Here At The Crossroads of Time

I'm still a little bit shellshocked that I'm a high school graduate. I've been one for a good 32 hours now, but still can't get over it. It's just like, wow, it's all over. Completely. The past couple of years all's I've been talking about is how much I can't wait for college and how much I wanted out of high school. But now it's all starting to come to me... I'm going to miss it. I'm not saying I think I should spend another year in high school... I've paid my dues (in the form of IB exams and Extended Essay), and I deserved that diploma. But what gets me is that the teachers that mentored me throughout all of this... are no longer going to be a part of my life. And neither are my peers from Xaverian High School, except for maybe a couple more get-togethers. Chapter One of my life has officially closed. Chapter Two won't truly begin until September up in Albany... right now we're kind of stuck in the middle. Kinda still in chapter one, kinda in chapter two. So I figured what better way to sort my emotions than right here on my nifty little blog?

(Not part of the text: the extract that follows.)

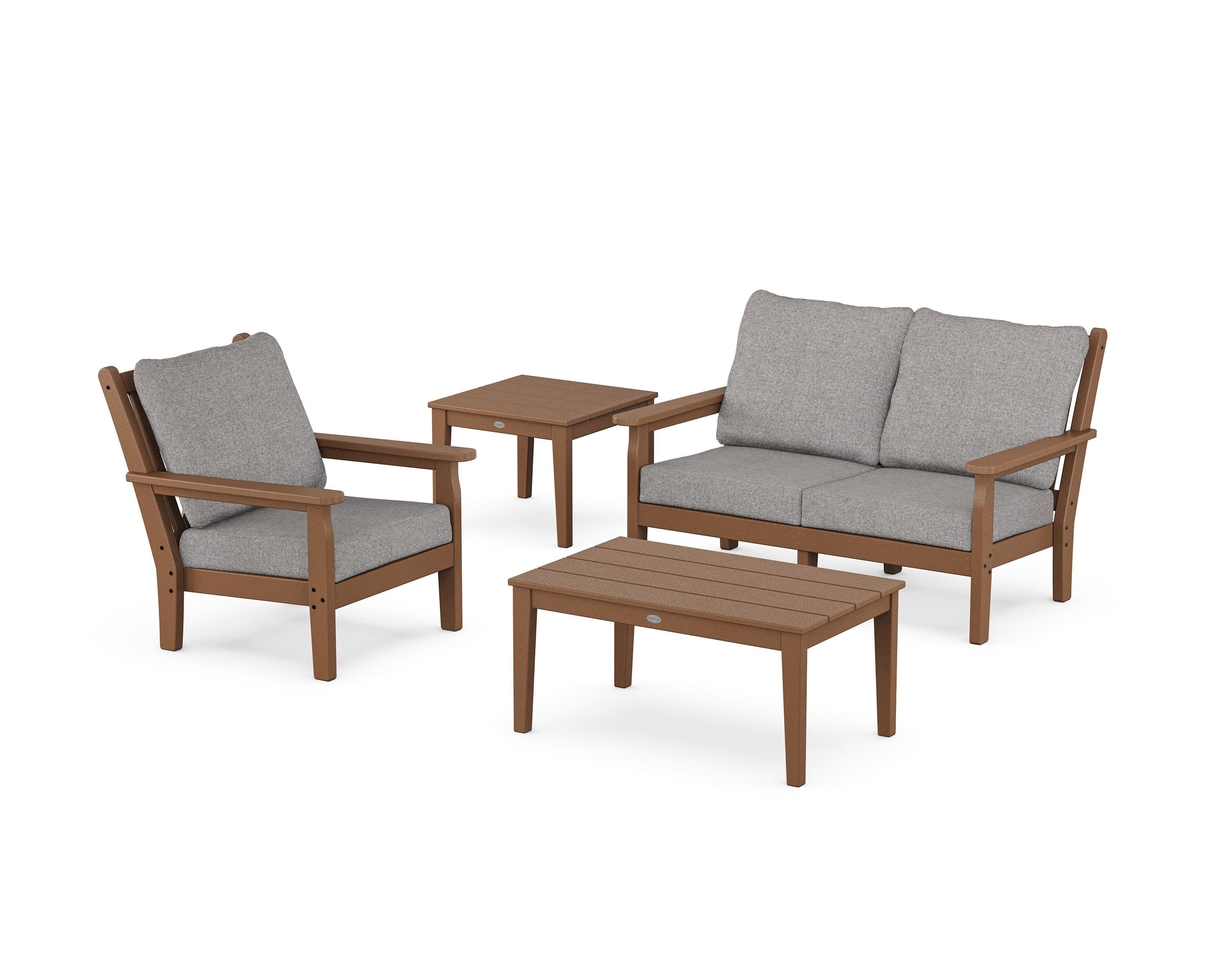 POLYWOOD Chippendale 4-Piece Deep Seating Set in Teak / Grey Mist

Well, as the saying goes, everything happens for a reason. And the purpose of yesterday's commencement was to introduce 350 able in mind, body, and spirit individuals into the world to attempt to change the face of it. Hope for the future was unleashed yesterday... potential. And that's the word I'm going to focus on in this entry... potential. That's what life is all about. We all have the potential to be great--- to live in God's image. To live respectful, yet fun, lives. To venture into life experiences you once thought you'd never have. And that's what college is. A life experience like no other, where the potential is literally limitless. That's what I'm striving for in college, to reach my potential. My one regret in high school was that I waited until around Junior Year to really start being social, and I feel I may've paid for that the past couple of years as I've tried to make my way into the social circles that were already established four years ago. I love you all at Xaverian, but I really do need a fresh start. In many ways, we all do. College is just as much about redemption and renewal as it is partying and having fun. I hope to combine all of these things, actually. That'd make for a great college experience. Always remember your potential can not be used to help you in life until you realize it's there. It's always there. The road to a successful, happy life is just a crossroads away.